07 February 2015

History for the day



On 7 February 1864, Charles Dickens (photo, top) should have been celebrating his 52nd birthday. However, on that day, he received a letter (above) containing the tragic news that his son Walter had died in Calcutta, in then-British India, on New Year’s Eve at the age of just 22.
Walter Landor Dickens had been serving as a military officer in India after being granted a cadetship in the East India Company’s Bengal Army in 1857. Cadets had to secure nomination by a Company director. Each director had a limited number of civil and military nominations in his gift each year and patronage networks often determined who should receive favor. In Walter’s case, Angela Burdett Coutts used her influence with director John Loch.
Nomination was just the first step in being appointed an officer in the Company armies.

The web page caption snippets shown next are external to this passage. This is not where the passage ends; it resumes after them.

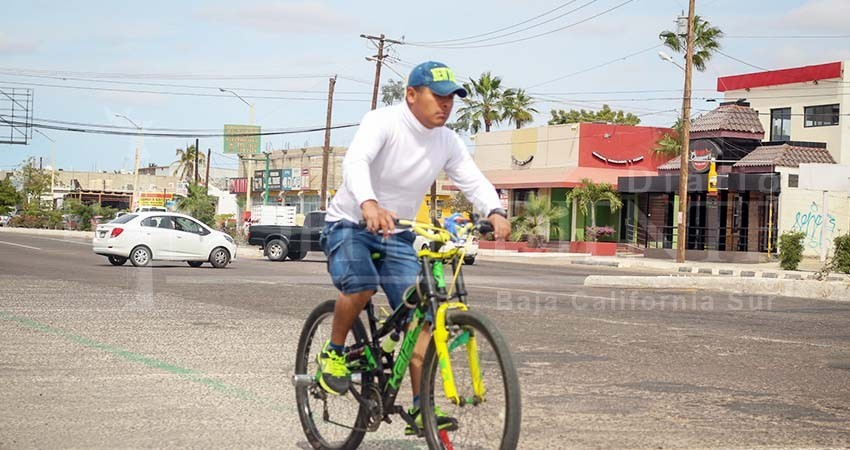 "Esperemos en Dios” que una nueva ley de movilidad se apruebe en la actual legislatura: Ortega Pillado 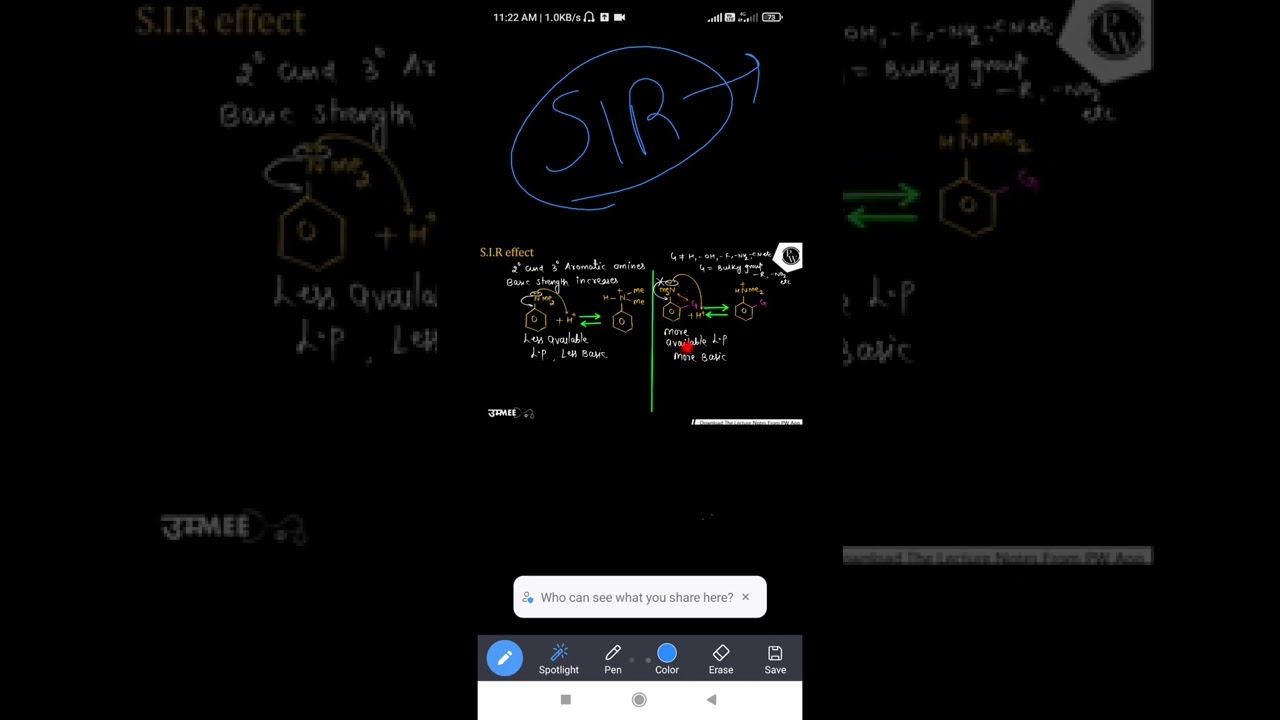 GOC organic chemistry (Basic Strength) || Master cader 4161||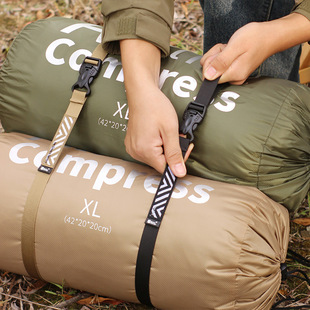 户外多功能捆绑带露营睡袋帐篷捆扎绳多用途打包固定多色捆绑带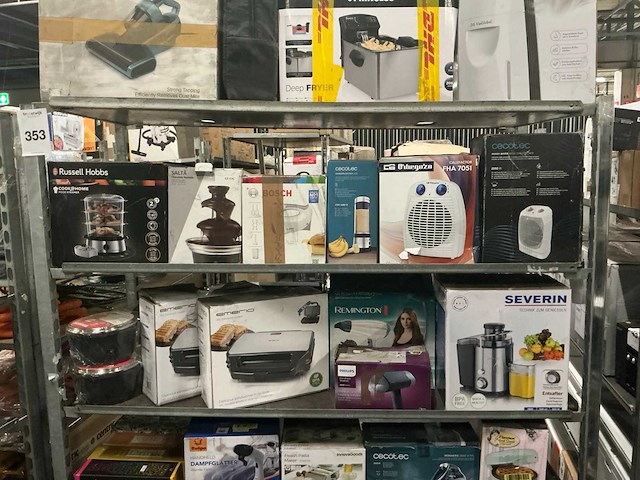 Huishoudelijke goederen - afbeelding 3 van  5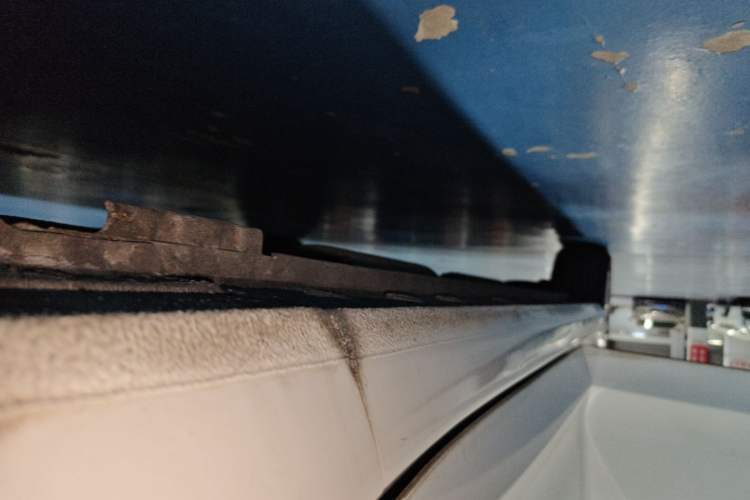Used Honda City 2015 1.5L CVT Comfort Version Right Side Sill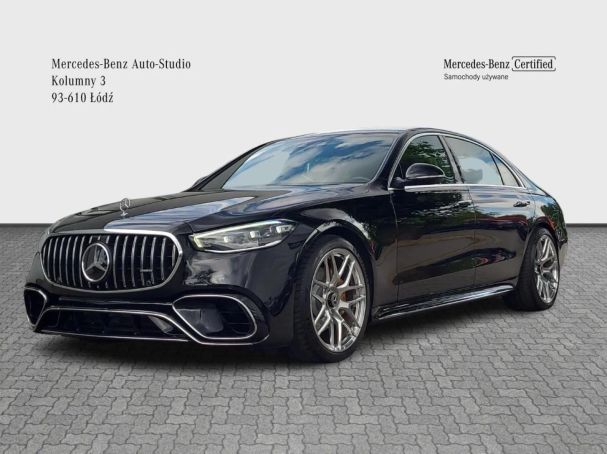 Mercedes-Benz S 350 L 210 kW image number 2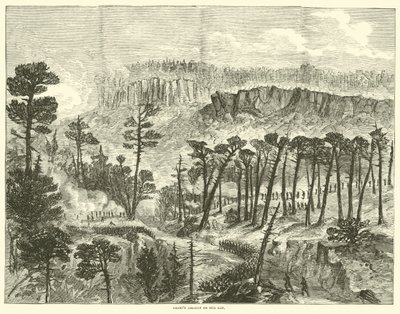 Gearys aanval op Dug Gap, mei 1864 door American School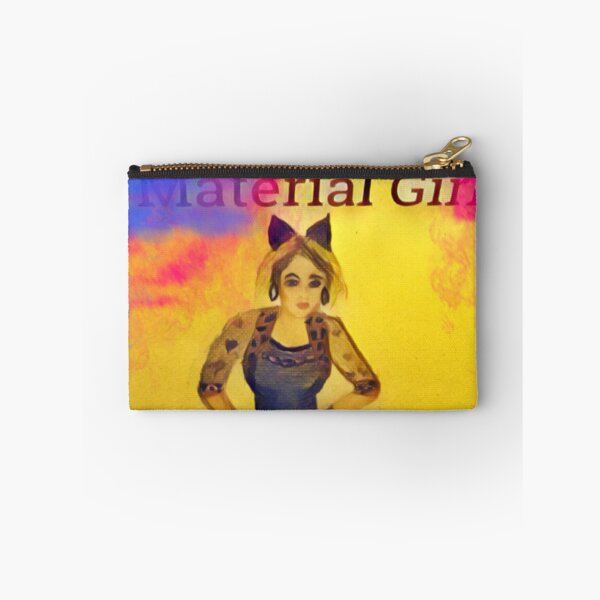 Item preview, Material Girl Full Length Yellow designed and sold by FMJ1.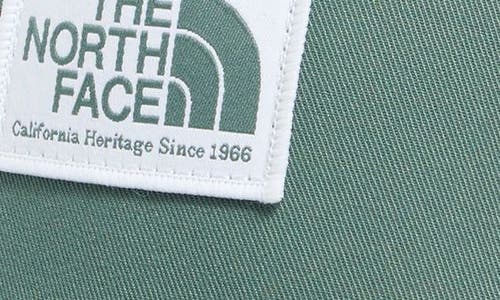 The North Face Keep It Patched Trucker Hat In Green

Direct entry cadets such as Walter, who had not attended the Company’s Military Seminary at Addiscombe, England, had to pass a number of tests which had been introduced in June 1851:
• Write English correctly from dictation.
• Have a ‘competent knowledge’ of the rules of arithmetic.

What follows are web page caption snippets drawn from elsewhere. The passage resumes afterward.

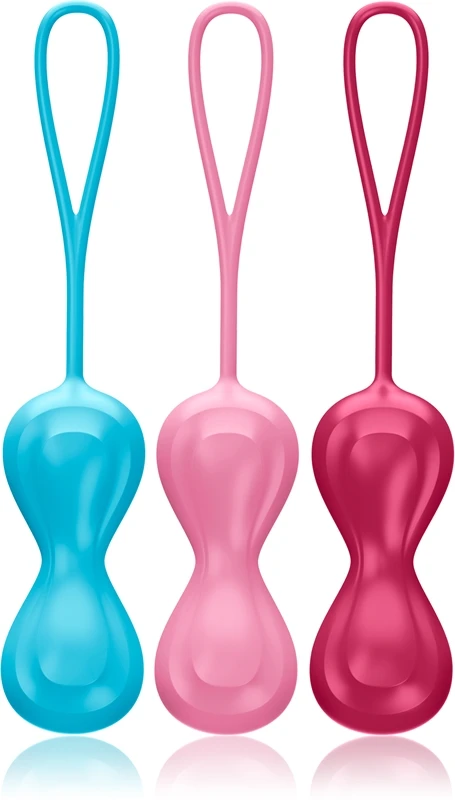 Satisfyer POWER BALLS DOUBLE 3 Satisfyer POWER BALLS DOUBLE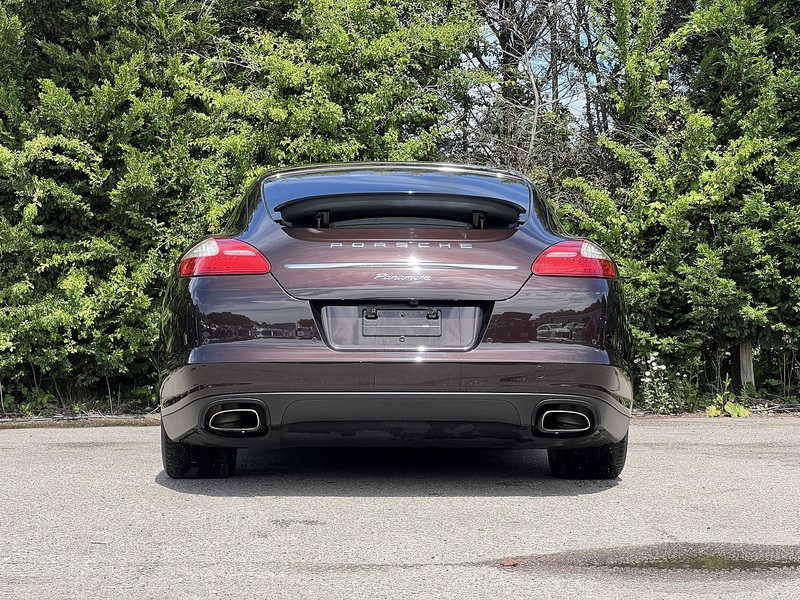 Porsche Panamera V6 Pdk - U12239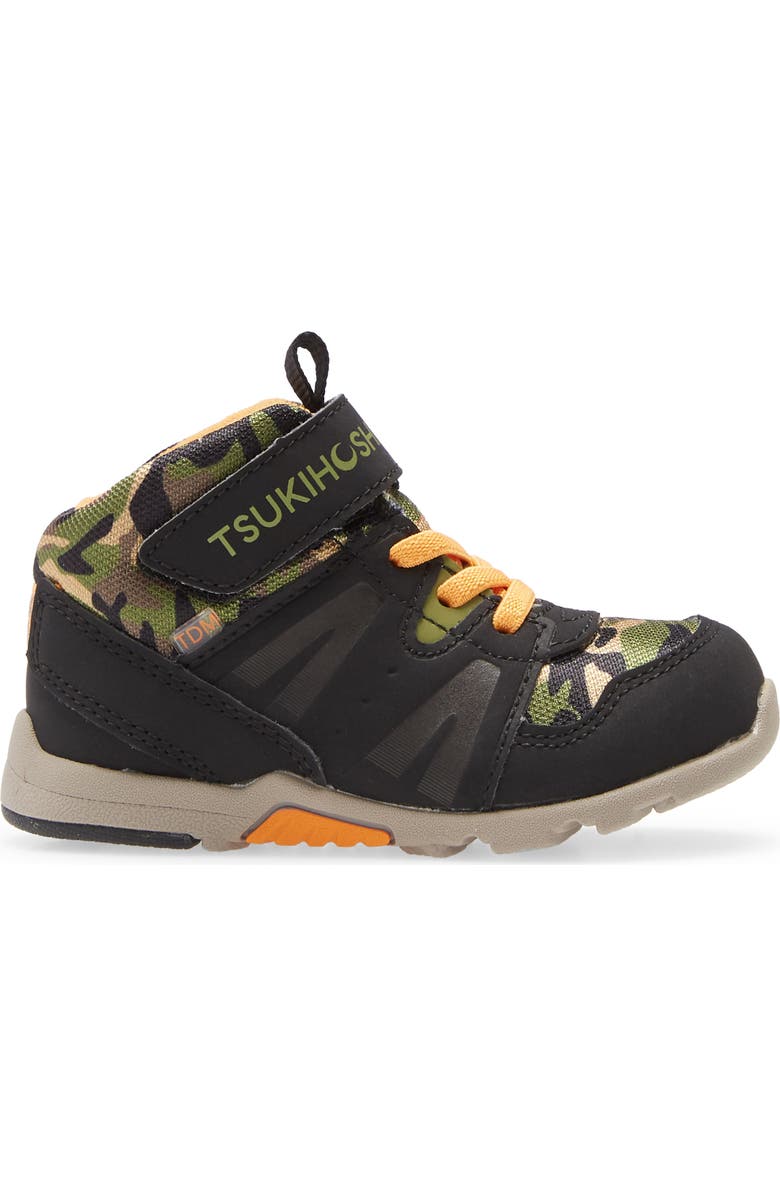 Tsukihoshi Kids' Hike Waterproof Sneaker Boot, Alternate, color,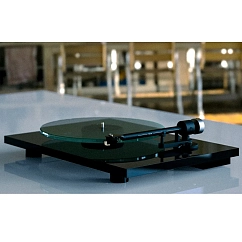Turntable Pro-Ject T2 W Black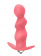Anální vibrační kolík Spiral Pink 5008-01Lola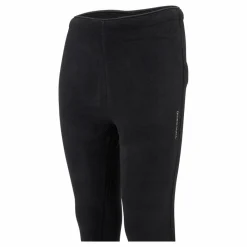 Didriksons Monte Kids Pants 7 Black Svart Outlet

• Be able to translate passages from Latin into English.
• Be able to parse and show a knowledge of grammar and syntax.
• Pass a translation test from French to English, or from Hindustani to English.
• Pass an exam on the history of Greece, Rome, England, and British India.

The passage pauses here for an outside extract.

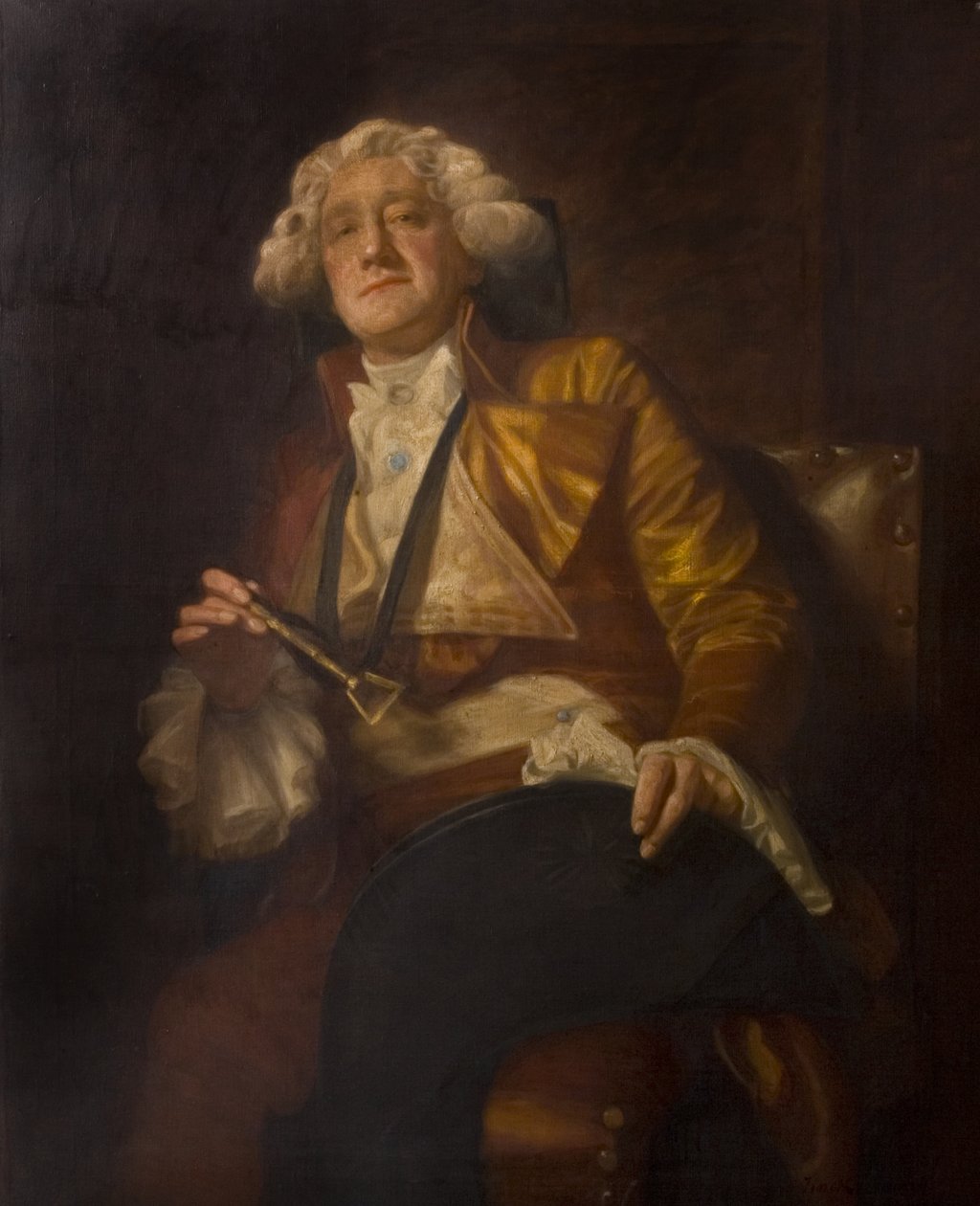 Fred Terry als de Rode Pimpernel door Frank Daniell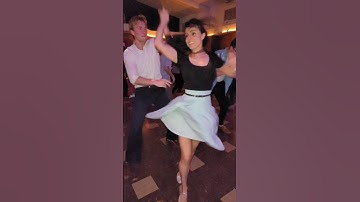 Mrs Smooth Dancing With A Brilliant New Dancer #Jitterbug #Swingdance #JoeNDancer #dancevideo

• Know the modern divisions of the world, the principal nations of Europe and Asia, the names of European capitals and of the chief cities of India, and of the main rivers and mountains of the world.
• Have an elementary knowledge of fortification and some instruction in drawing.
• Submit a declaration of being a confirmed member of the Church of England, otherwise a certificate from a minister to prove they had been well instructed in the principles of religion in which they were raised.
• Produce testimonials of good moral conduct from their place of education.
The education Walter had received from the Reverend John Brackenbury at Wimbledon equipped him to succeed in these tests administered by professors from Addiscombe.  He was also given a medical and was certified as being free from ‘any mental or bodily defect whatever’. Unfortunately Walter’s health failed in India, and he was on his way back to England on sick leave when he died. His burial certificate in the India Office Records gives the cause of death as hematemesis (vomiting of blood).  He was interred on 1 January 1864 in the military burial ground at Fort William in Calcutta. The childhood nickname of Young Skull given to him by his father sadly proved to be all too appropriate.
Margaret Makepeace
Lead curator, East India Company Records


Rico says that list would be a hard one to pass these days, but here's more about Dickens:
The 1850’s saw the advent of the ‘beard movement’. The Victorians believed that manliness was directly linked to facial hair. Beards promoted impassivity, health, and epitomized the successful and distinguished Victorian male. Household Words, a periodical edited by Dickens, even ran an article entitled Why shave?, a veritable declaration of the rights of all men to shun the razor.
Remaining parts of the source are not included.